■ WHAT YOU ARE ASKED TO DO
Nothing but the records beneath, reproduced exactly, should appear in the answer.

[INPUT — start]

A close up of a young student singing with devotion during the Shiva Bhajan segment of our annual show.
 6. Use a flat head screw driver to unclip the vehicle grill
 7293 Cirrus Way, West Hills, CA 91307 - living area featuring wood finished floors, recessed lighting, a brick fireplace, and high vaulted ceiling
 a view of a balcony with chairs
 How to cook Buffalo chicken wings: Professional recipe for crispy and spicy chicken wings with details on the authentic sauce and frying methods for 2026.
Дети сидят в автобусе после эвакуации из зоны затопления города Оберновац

[INPUT — finish]

■ EXERCISE SOLUTION
A close up of a young student singing with devotion during the Shiva Bhajan segment of our annual show.
 6. Use a flat head screw driver to unclip the vehicle grill
 7293 Cirrus Way, West Hills, CA 91307 - living area featuring wood finished floors, recessed lighting, a brick fireplace, and high vaulted ceiling
 a view of a balcony with chairs
 How to cook Buffalo chicken wings: Professional recipe for crispy and spicy chicken wings with details on the authentic sauce and frying methods for 2026.
Дети сидят в автобусе после эвакуации из зоны затопления города Оберновац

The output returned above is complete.